▸ Aim of the task: Could the data below be retyped exactly, without its pictures?

▸ Given information:
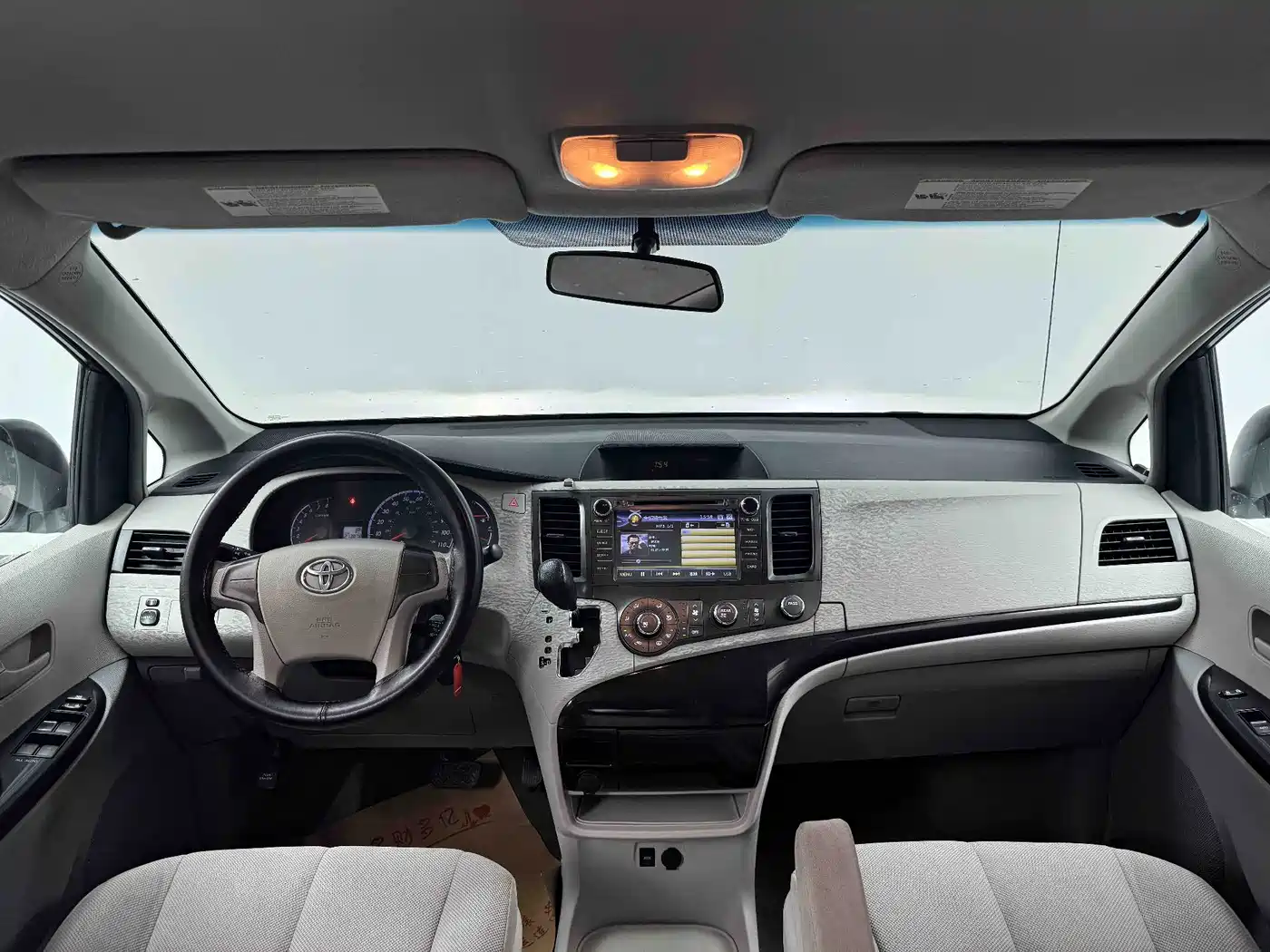 Toyota Sienna 2012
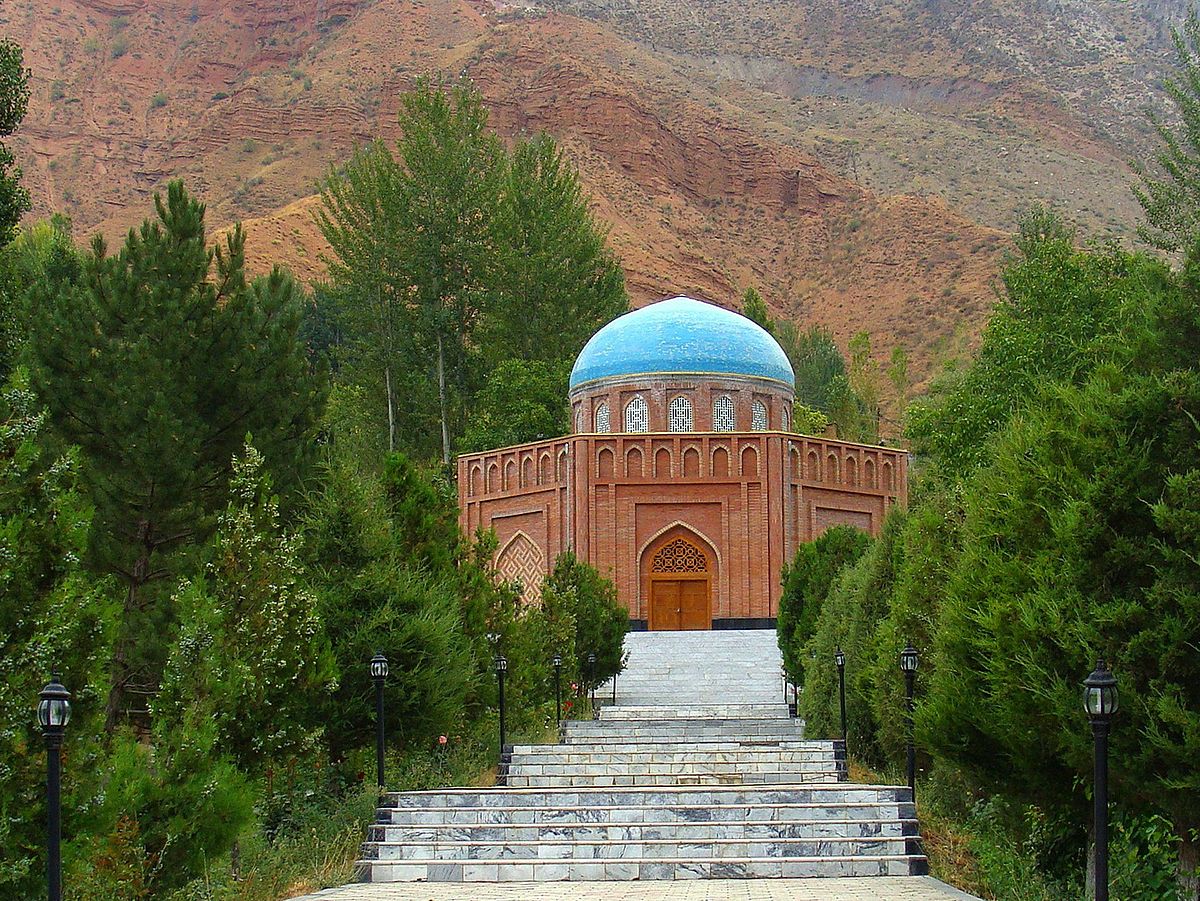 <strong>آرامگاه رودکی در روستای بنج‌رودک یا پنجکنت در ۱۷۰ کیلومتری شمال شهر دوشنبه و در خاک جمهوری تاجیکستان</strong>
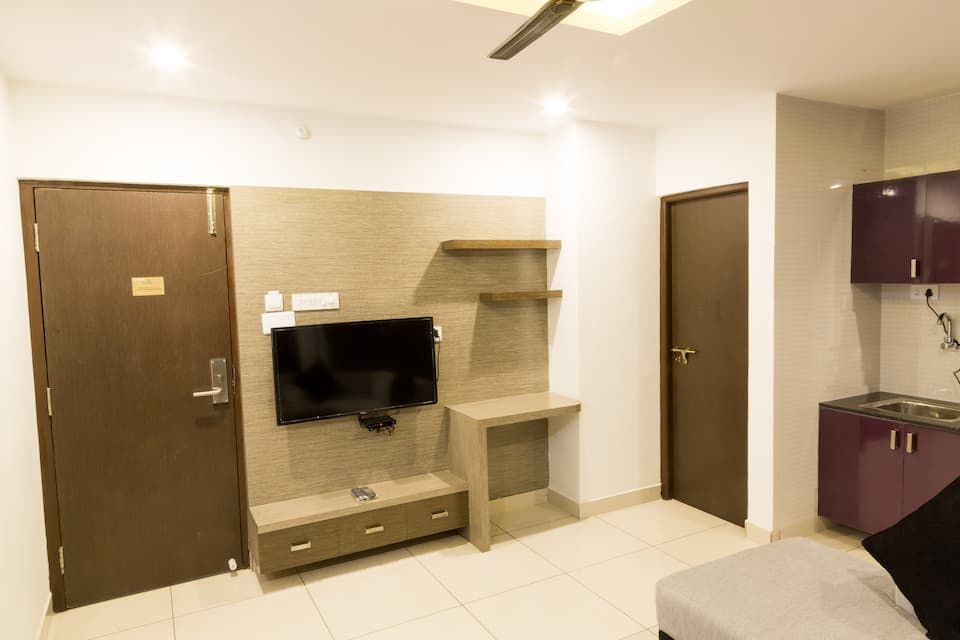 1 Bed Room Bonjour Suits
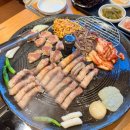 파크랜드빌딩 앞 | JH 진해용원맛집&lt;만재네&gt; 미나리삼겹살 있는 용원구워주는고기집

▸ Solution to the exercise:
 Toyota Sienna 2012
 <strong>آرامگاه رودکی در روستای بنج‌رودک یا پنجکنت در ۱۷۰ کیلومتری شمال شهر دوشنبه و در خاک جمهوری تاجیکستان</strong>
 1 Bed Room Bonjour Suits
 파크랜드빌딩 앞 | JH 진해용원맛집&lt;만재네&gt; 미나리삼겹살 있는 용원구워주는고기집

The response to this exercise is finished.